Web page caption snippets:
********
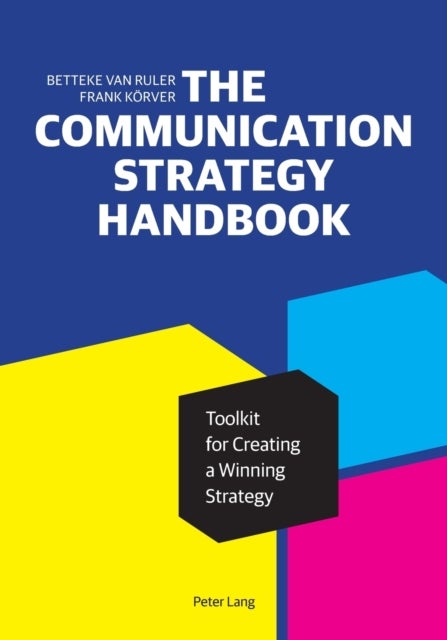 The Communication Strategy Handbook - Toolkit for Creating a Winning Strategy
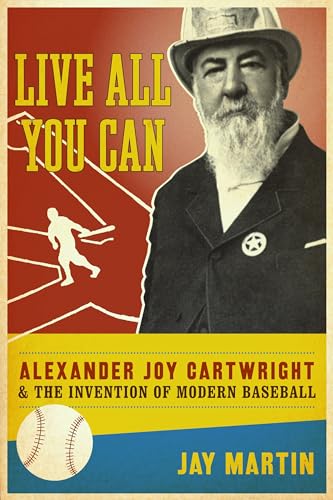 9780231147941: Live All You Can: Alexander Joy Cartwright and the Invention of Modern Baseball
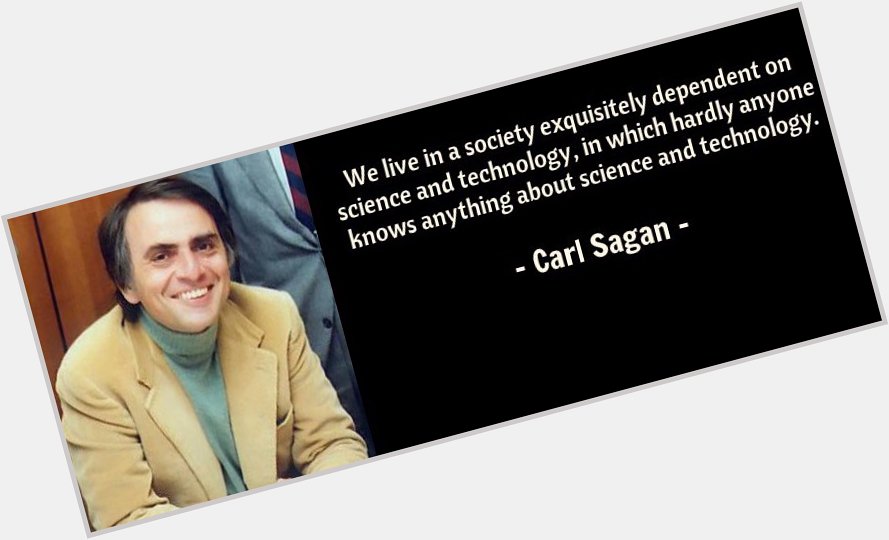 Happy birthday Carl Sagan. We miss you at a time when this pale blue dot needs science heroes more than ever. 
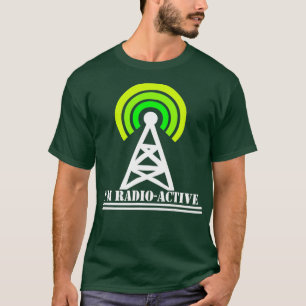 Camiseta Im Radio-Activo Con Tower Antenna Divertido Ham Me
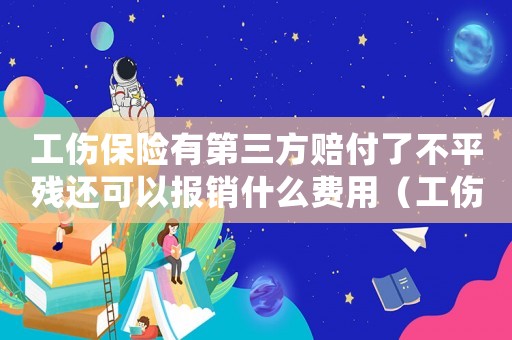 工傷保險有第三方賠付了不平殘還可以報銷什么費用（工傷保險有第三方）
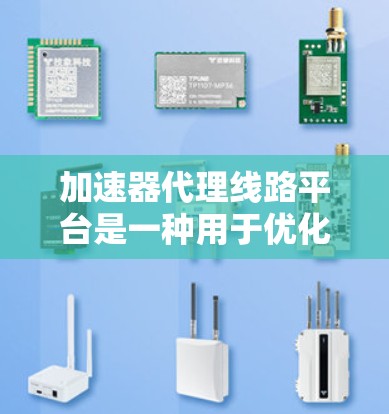 加速器代理线路平台是一种用于优化数据传输和加速的解决方案,特别适用于在复杂网络环境中处理大规模数据传输任务。以下是对这一平台的详细分析 加速器代理线路平台是一种用于优化数据传输和加速的解决方案,特别适用于在复杂网络环境中处理大规模数据传输任务。以下是对这一平台的详细分析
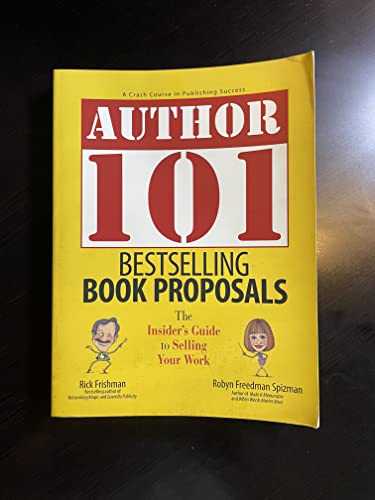 Beispielbild fr Author 101 Bestselling Book Proposals: The Insider's Guide to Selling Your Work zum Verkauf von Wonder Book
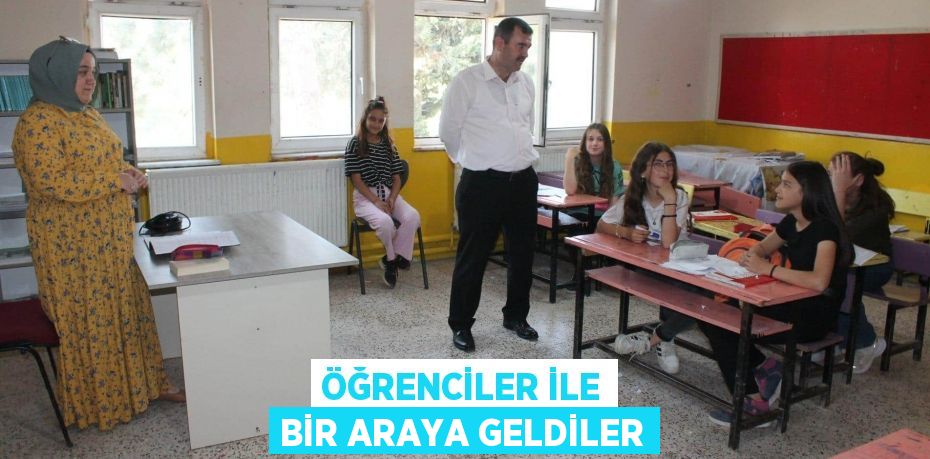 Öğrenciler ile bir araya geldiler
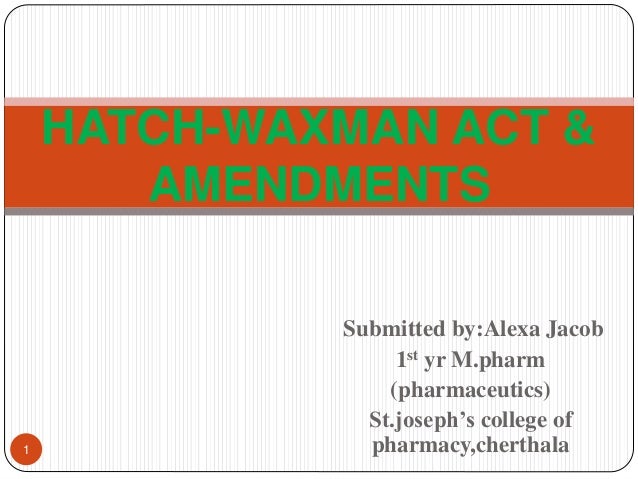 Hatch waxman act \u0026amp; amendments ppt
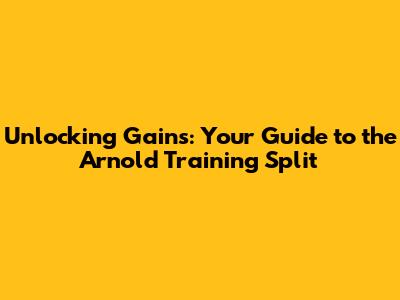 Unlocking Gains: Your Guide to the Arnold Training Split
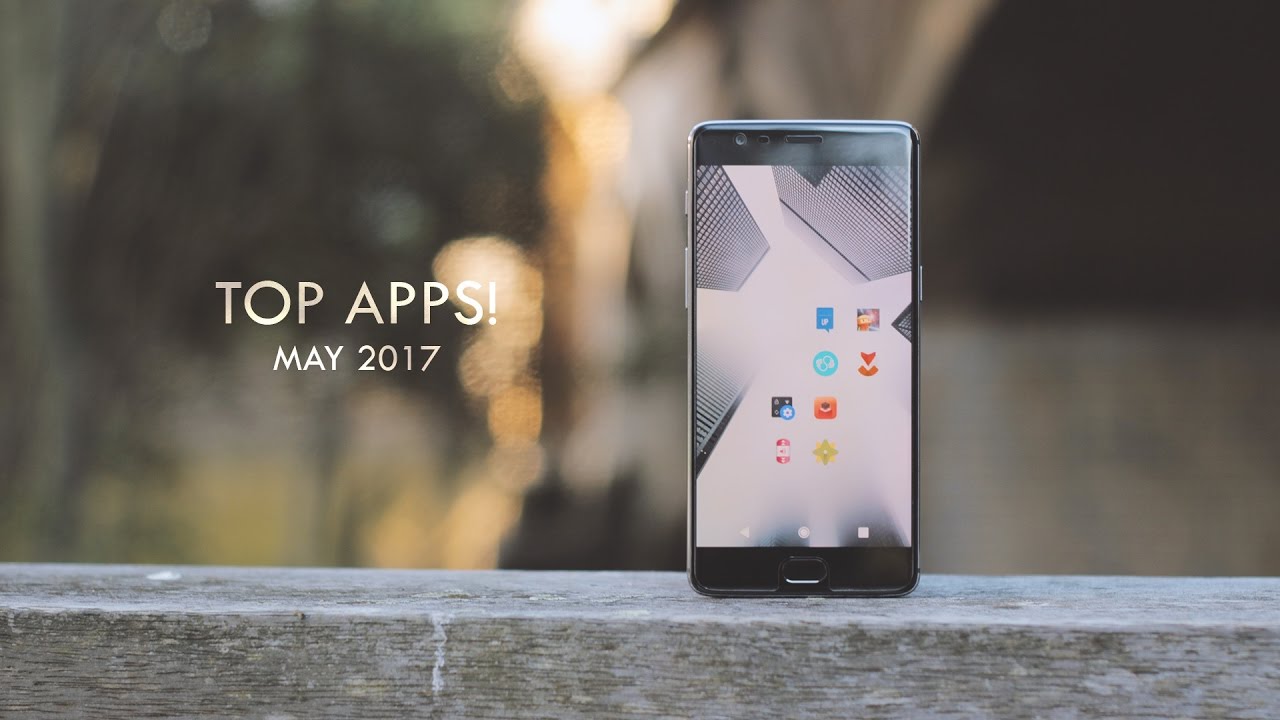 Top Android Apps! (May 2017)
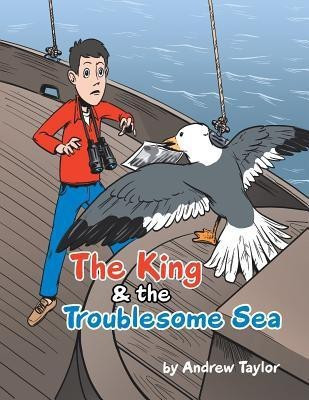 The King & the Troublesome Sea(English, Paperback, Taylor Andrew)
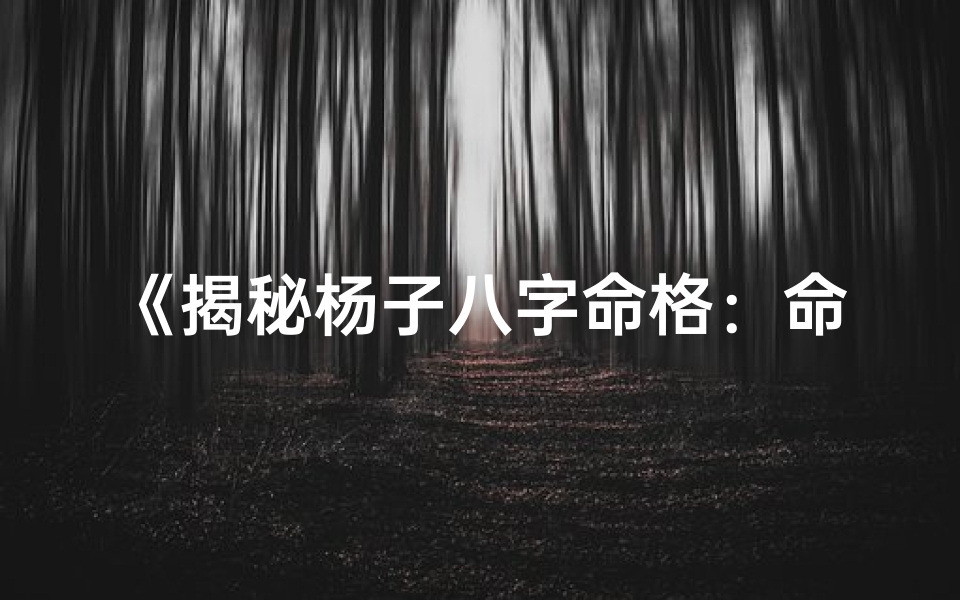 《揭秘杨子八字命格：命运轨迹大解析》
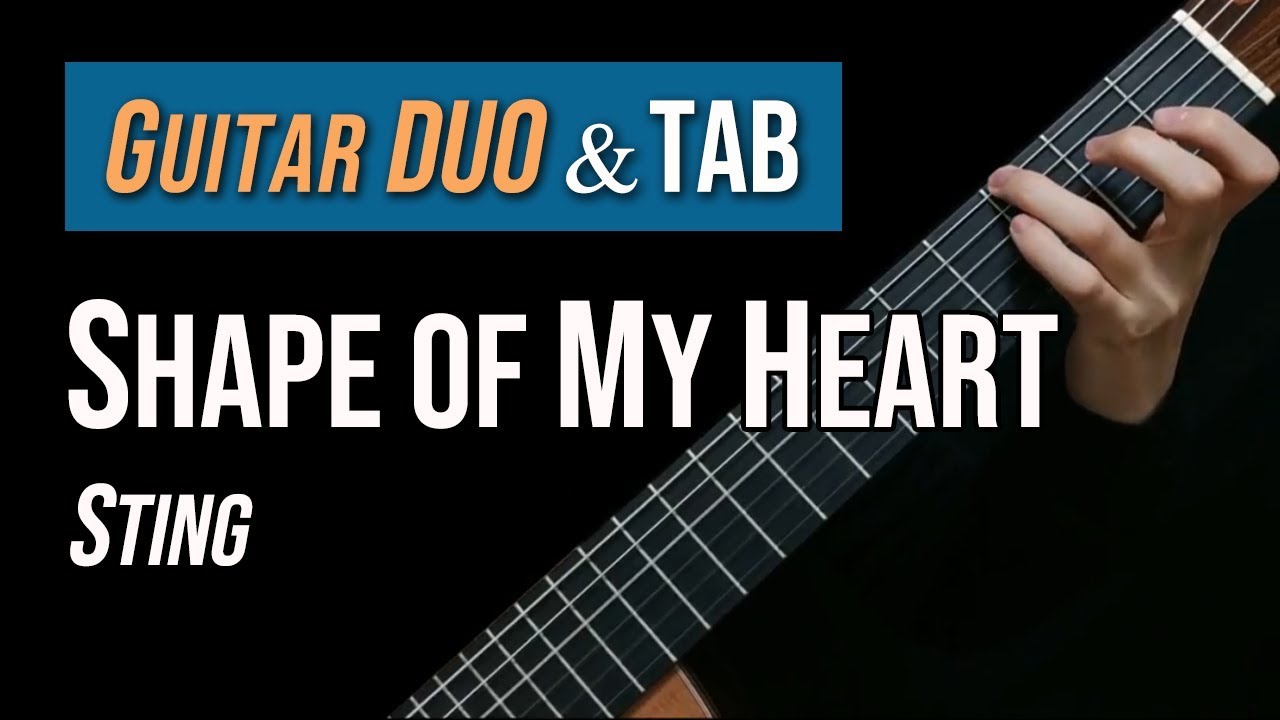 Shape of My Heart (Sting) - Guitar DUO Lesson + TAB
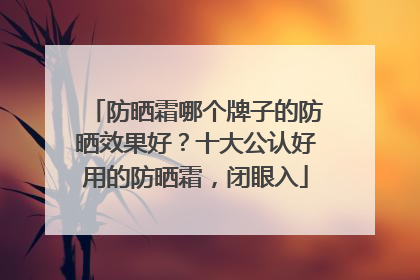 防晒霜哪个牌子的防晒效果好？十大公认好用的防晒霜，闭眼入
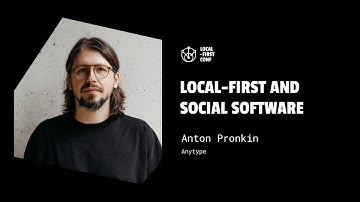 Local-first and social software: Anton Pronkin (Local-First Conf)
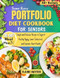 Super Easy Portfolio Diet Cookbook For Seniors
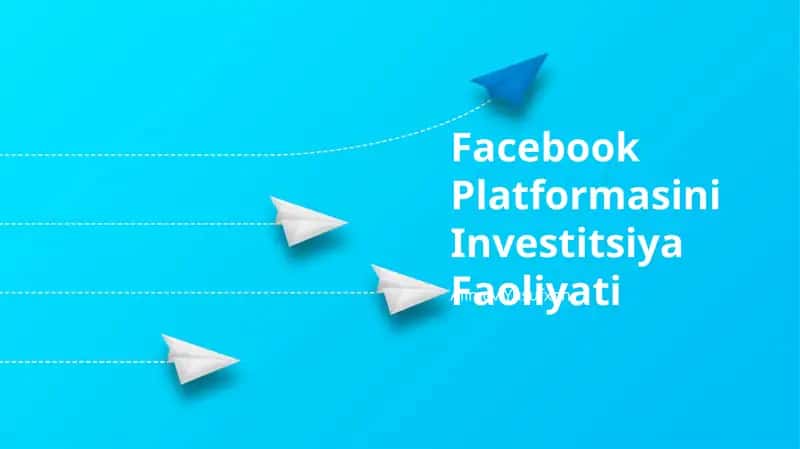 Facebook Platformasini Investitsiya Faoliyati 1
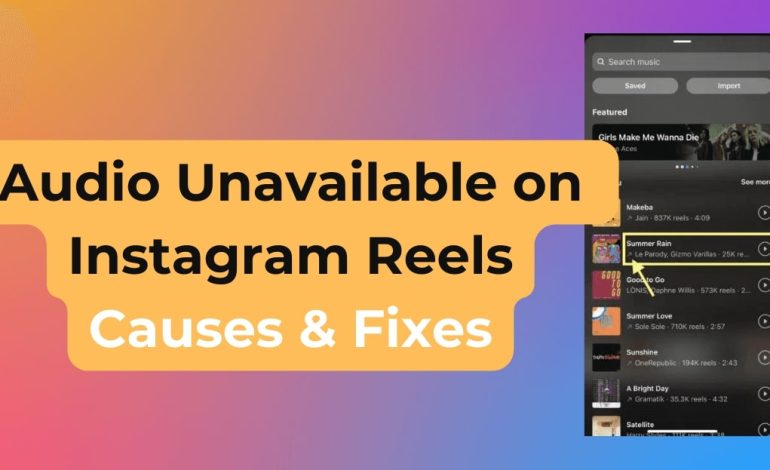 Audio Unavailable- n Instagram Reels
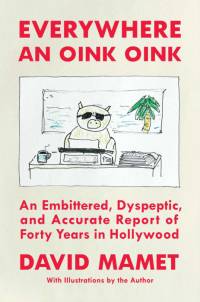 Everywhere an Oink Oink av David Mamet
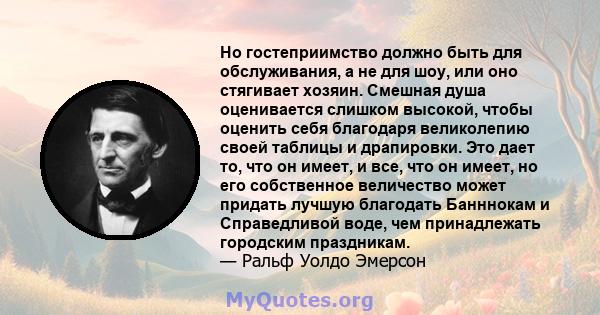 Но гостеприимство должно быть для обслуживания, а не для шоу, или оно стягивает хозяин. Смешная душа оценивается слишком высокой, чтобы оценить себя благодаря великолепию своей таблицы и драпировки. Это дает то, что он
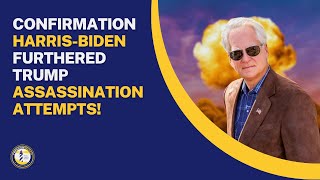 CONFIRMATION HARRIS-BIDEN FURTHERED TRUMP ASSASSINATION ATTEMPTS!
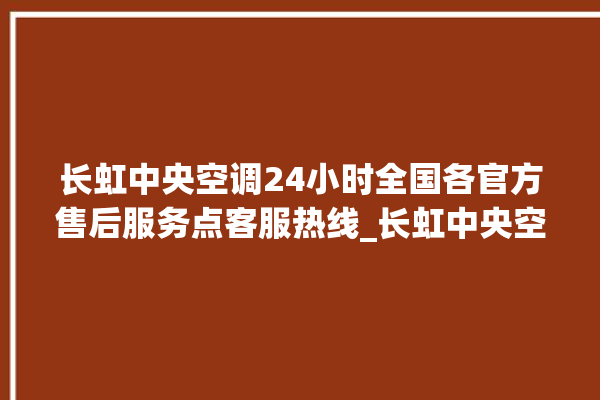 长虹中央空调24小时全国各官方售后服务点客服热线_长虹中央空调故障代码大全对照表 。长虹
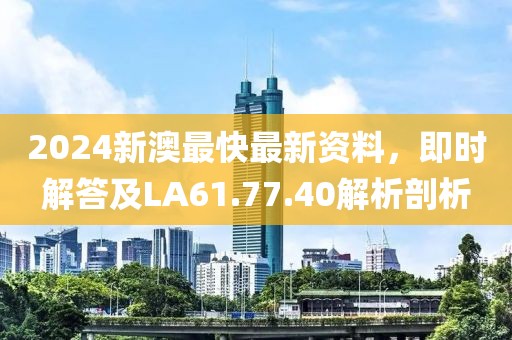 2024新澳最快最新資料，即時(shí)解答及LA61.77.40解析剖析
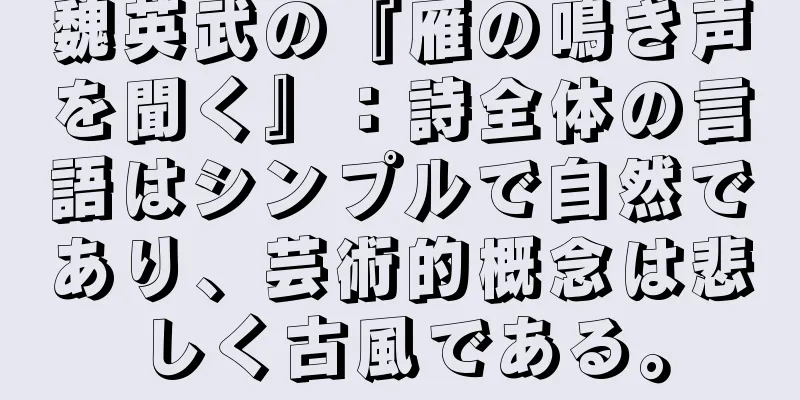 魏英武の『雁の鳴き声を聞く』：詩全体の言語はシンプルで自然であり、芸術的概念は悲しく古風である。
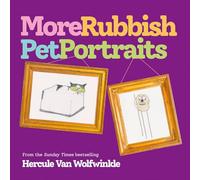 More Rubbish Pet Portraits: THE NEW BOOK FROM THE SUNDAY TIMES BESTSELLER HERCULE VAN WOLFWINKLE
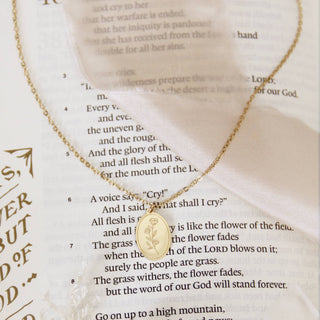 ISAIAH 40:8 FLOWER NECKLACE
********
EXERCISE DIRECTIONS: Within the entries above, give again exactly the lines starting at the one that contains "Öğrenciler ile bir araya geldiler" and ending at the one that contains "Но гостеприимство должно", leaving out the pictures.

EXPECTED ANSWER:
 Öğrenciler ile bir araya geldiler
 Hatch waxman act \u0026amp; amendments ppt
 Unlocking Gains: Your Guide to the Arnold Training Split
 Top Android Apps! (May 2017)
 The King & the Troublesome Sea(English, Paperback, Taylor Andrew)
 《揭秘杨子八字命格：命运轨迹大解析》
 Shape of My Heart (Sting) - Guitar DUO Lesson + TAB
 防晒霜哪个牌子的防晒效果好？十大公认好用的防晒霜，闭眼入
 Local-first and social software: Anton Pronkin (Local-First Conf)
 Super Easy Portfolio Diet Cookbook For Seniors
 Facebook Platformasini Investitsiya Faoliyati 1
 Audio Unavailable- n Instagram Reels
 Everywhere an Oink Oink av David Mamet
 Но гостеприимство должно быть для обслуживания, а не для шоу, или оно стягивает хозяин. Смешная душа оценивается слишком высокой, чтобы оценить себя благодаря великолепию своей таблицы и драпировки. Это дает то, что он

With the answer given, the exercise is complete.